If you are like the vast majority of people and only have small pension pots, then try to do it all yourself as the IFA’s are not really interested. Also, the Life Companies will try to make life as difficult as possible for you so you end up with as bad a deal as they can get away with. This is blatant theft, but evidently legal. If you are nearing the stage where you have an annuity maturing then beware. The most likely return you will get is about 4.3% unless you are ancient or coughing to death with cancer. If you have paid management fees then I am sorry, but you have really been screwed. Take the 25% tax free as you can get 4% in a deposit account. If you can stand all the spam e mails you will get, possibly try to get quotes from a number of Companies yourself, but beware, these initial quotes are always ‘teasers’ and what you will actually get will probably be 10% less or more.

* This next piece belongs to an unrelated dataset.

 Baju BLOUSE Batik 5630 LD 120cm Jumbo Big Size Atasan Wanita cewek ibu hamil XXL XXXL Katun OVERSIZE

There will always be ‘exceptional circumstances’. If you wish to try an IFA, find out the costs first as most are not interested in ‘small people’. Curious as they occupy about 90% of the population. Again, the main problem is time as your original Life Company will only keep their quote valid for a very very short time, not really enough to check out the market correctly. Again, this is deliberate.

 

Some of you will correctly say. Look, stick it all under the mattress’. Maybe you are right, but were you right 30 years ago? In the 70’s and 80’s you were not allowed to have a personal pension if you had a Company pension and most Companies insisted you join the pension scheme as a condition of employment, but if you left before 5 years, all you got was your contributions back and no option to replace that time privately. So, you were screwed twice. That happened to me 3 times as I took the short term option of higher salary. . I have no doubt that Pensions will in due course turn out to be one of the biggest fraud schemes the Uk has ever seen, and encouraged by Governments of all hues. Of course public sector workers will escape these obstacles as they are all funded by the taxpayer., but even here I suspect that in time they will suffer similarly.

 

Meanwhile, in about 3 weeks time my wife and I are off to enjoy coffees courtesy of her annuity. Now if people feel that as a result of reading this we need food parcels to be sent, the please ensure the quails eggs are fresh, but truthfully, we will manage as we made 'other arrangements'. However, being screwed is not something we enjoy.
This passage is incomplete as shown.